The district court adopted the magistrate’s finding that the trial judge had addressed the petitioner prior to accepting his guilty plea, but there is nothing in the record to support this finding. In agreement with the magistrate, the district court felt that the record and petition were sufficient to permit a decision on petitioner’s claim without the necessity of an evidentiary hearing. Though state court factual findings are presumed correct, when facts material to the constitutional validity of a guilty plea are not adequately developed for review, the federal district court has a duty to expand the record to include omitted material or to hold an evidentiary hearing. Boyd v. Dutton, 405 U.S. 1, 3, 92 S.Ct. 759, 760, 30 L.Ed.2d 755 (1972); Burns v. Wingo, 426 F.2d 227, 228 (6th Cir.1970) (per curiam). The record before the district court did not contain an adequate development of the facts material to determining whether petitioner’s guilty plea was made knowingly and intelligently.
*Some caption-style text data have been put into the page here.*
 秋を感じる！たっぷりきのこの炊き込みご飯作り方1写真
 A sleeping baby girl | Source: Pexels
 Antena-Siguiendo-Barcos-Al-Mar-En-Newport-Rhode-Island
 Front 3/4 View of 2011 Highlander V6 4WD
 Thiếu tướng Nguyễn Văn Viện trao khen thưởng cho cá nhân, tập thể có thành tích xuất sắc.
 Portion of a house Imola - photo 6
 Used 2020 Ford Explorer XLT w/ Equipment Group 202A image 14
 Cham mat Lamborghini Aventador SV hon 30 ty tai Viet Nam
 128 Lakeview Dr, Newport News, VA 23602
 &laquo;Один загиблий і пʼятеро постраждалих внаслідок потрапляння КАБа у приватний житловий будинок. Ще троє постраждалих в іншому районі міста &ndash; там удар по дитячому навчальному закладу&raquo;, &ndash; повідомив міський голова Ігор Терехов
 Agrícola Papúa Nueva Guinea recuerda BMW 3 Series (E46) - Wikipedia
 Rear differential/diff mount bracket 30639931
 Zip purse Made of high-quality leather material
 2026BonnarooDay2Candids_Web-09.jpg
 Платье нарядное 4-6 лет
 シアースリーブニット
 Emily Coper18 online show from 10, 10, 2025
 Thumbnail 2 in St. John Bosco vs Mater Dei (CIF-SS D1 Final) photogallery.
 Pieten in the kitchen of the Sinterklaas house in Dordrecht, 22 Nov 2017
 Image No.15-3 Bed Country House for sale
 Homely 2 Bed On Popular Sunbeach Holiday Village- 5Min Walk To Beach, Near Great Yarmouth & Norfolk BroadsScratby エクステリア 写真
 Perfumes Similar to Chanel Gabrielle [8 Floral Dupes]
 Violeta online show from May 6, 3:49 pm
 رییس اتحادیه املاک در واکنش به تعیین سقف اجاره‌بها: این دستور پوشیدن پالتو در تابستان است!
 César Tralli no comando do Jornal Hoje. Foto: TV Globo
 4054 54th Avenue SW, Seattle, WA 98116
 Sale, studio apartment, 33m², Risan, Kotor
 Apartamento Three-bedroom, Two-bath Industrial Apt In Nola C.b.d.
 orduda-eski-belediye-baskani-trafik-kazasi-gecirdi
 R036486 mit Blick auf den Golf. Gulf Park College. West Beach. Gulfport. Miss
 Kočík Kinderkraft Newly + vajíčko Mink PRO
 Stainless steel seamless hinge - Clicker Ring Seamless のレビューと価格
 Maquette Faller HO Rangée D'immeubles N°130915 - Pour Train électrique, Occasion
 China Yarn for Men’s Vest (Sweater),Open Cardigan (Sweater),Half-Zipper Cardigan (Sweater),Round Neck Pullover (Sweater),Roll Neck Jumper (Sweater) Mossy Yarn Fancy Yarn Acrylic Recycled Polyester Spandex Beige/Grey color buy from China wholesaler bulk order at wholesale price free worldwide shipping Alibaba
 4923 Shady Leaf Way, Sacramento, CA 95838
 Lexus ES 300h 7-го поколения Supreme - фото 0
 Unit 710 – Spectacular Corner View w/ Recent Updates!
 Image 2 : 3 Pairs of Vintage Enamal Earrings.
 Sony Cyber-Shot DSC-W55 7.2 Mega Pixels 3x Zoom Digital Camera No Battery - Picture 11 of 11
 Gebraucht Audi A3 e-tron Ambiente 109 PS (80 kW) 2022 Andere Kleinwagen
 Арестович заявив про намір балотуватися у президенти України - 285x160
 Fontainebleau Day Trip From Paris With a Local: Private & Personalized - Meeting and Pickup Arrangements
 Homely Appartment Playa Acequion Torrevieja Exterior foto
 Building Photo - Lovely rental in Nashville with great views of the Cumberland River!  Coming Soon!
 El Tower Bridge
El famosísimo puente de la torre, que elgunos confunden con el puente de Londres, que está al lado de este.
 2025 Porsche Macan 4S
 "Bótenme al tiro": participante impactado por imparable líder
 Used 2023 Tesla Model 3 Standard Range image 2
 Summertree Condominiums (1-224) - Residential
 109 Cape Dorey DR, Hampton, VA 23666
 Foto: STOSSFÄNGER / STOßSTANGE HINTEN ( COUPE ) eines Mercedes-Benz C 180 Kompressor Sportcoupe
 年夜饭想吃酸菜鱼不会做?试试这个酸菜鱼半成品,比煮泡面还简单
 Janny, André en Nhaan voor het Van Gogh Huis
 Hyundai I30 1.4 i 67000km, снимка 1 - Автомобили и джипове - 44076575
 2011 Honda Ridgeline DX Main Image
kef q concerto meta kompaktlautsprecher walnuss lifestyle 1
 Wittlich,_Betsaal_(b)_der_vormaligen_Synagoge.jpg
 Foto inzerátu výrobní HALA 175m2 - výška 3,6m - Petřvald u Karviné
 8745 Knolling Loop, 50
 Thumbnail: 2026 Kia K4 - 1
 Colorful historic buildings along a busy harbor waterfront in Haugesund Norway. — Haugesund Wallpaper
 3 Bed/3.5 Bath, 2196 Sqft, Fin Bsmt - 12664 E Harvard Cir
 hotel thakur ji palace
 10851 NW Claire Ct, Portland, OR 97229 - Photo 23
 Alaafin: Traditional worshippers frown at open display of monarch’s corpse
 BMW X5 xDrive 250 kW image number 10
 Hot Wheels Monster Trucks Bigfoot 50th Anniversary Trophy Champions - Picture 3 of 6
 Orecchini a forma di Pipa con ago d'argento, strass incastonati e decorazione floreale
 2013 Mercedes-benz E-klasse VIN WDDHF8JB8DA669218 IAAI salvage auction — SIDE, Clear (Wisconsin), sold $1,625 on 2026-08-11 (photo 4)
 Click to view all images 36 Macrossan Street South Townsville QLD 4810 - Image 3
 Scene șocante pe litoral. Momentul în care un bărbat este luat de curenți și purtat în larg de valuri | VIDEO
The judgment of the district court is vacated and the cause is remanded to the *1149district court to determine whether there is a transcript of the proceedings in the Jefferson Circuit Court. If such a transcript exists, the district court should reconsider petitioner’s claim in the light of the entire record, including the transcript. If no transcript is available, the district court will conduct an evidentiary hearing to determine whether the plea was intelligently and knowingly made.

APPENDIX

[[Image here]]

*1150[[Image here]]

*1151[[Image here]]






Concurrence Opinion

NATHANIEL R. JONES, Circuit Judge

concurring.

In holding that the petitioner is entitled to a remand on his habeas petition on the issue of whether the guilty plea was knowingly and intelligently made, I concur with the majority. I write separately to express my view that the petitioner’s challenge to the effectiveness of the assistance of counsel received by petitioner may not, necessarily, be without merit. That too, it seems to me, should be the subject of an evidentiary hearing in order to ascertain whether the petitioner adequately waived his right to counsel. If it is true, as petitioner contends, that he did object to going to trial without counsel, and to being tried without counsel, he was entitled to the level of assistance required by McMann v. Richardson, 397 U.S. 759, 90 S.Ct. 1441, 25 L.Ed.2d 763 (1970) and Bradbury v. Wainright, 658 F.2d 1083 (5th Cir.1981), cert. denied 456 U.S. 992, 102 S.Ct. 2275, 73 L.Ed.2d 1288 (1982).

While the majority opinion does not discuss the waiver issue, it does emphasize that the record contains no request for the appointment of counsel or affidavit of indigency or motions for further continuance. Such references, comprised as they are of negatives, are insufficient to show an affirmative, knowing and intelligent waiver of a right as important as the right to counsel. This is so since we must entertain “every reasonable presumption against the waiver of this fundamental constitutional right.” U.S. v. Johnson, 659 F.2d 415, 416 (4th Cir.1981). For this reason, I would include this issue for exploration at the remand hearing.